Deliverable: two functions and five constants added to MicroStructure_Foundation.mqh, populating arfima_d and arfima_confidence in the shared struct for the first time. No new include file is created.
The ARFIMA Connection: d, H, and What Each Measures
An ARFIMA(p, d, q) process generalizes the standard ARIMA model by allowing d to take non‑integer values in the range (−0.5, 0.5). Granger and Joyeux (1980) and Hosking (1981) established the theoretical framework: a fractionally integrated process with parameter d in (0, 0.5) is covariance‑stationary but exhibits long‑range dependence—its autocorrelations decay hyperbolically rather than exponentially. Fractional differencing was introduced to the MQL5 community by Dmitrievsky (2019), who demonstrated that the degree of differencing directly controls the trade‑off between stationarity and long‑range persistence in price series.

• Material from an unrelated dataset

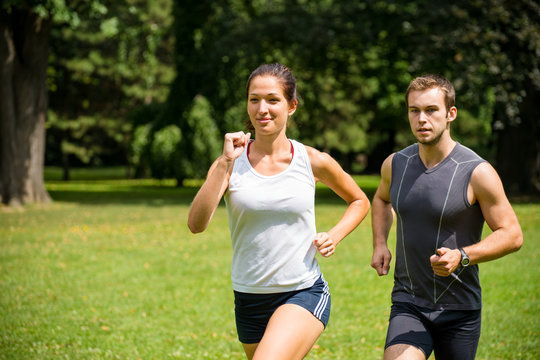 Jogging together - young couple competing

The connection to the Hurst exponent is:
d = H − 0.5
This relationship holds exactly for a fractional Gaussian noise process. The three regime interpretations follow directly:
- d > 0 (H > 0.5): positive long‑range dependence; the series is persistent; trend‑following logic has a statistical foundation.
- d = 0 (H = 0.5): the series is a standard random walk; no fractional differencing is needed.
- d < 0 (H < 0.5): the series is anti‑persistent; mean‑reversion dominates at long lags.
For US100 M1 with H ≈ 0.48–0.51 from Part 2, the implied d ranges from approximately −0.02 to +0.01. This near‑zero value has an immediate practical implication: standard first differencing (log returns) is the correct transformation for this instrument and timeframe. Neither over‑differencing nor under‑differencing is indicated.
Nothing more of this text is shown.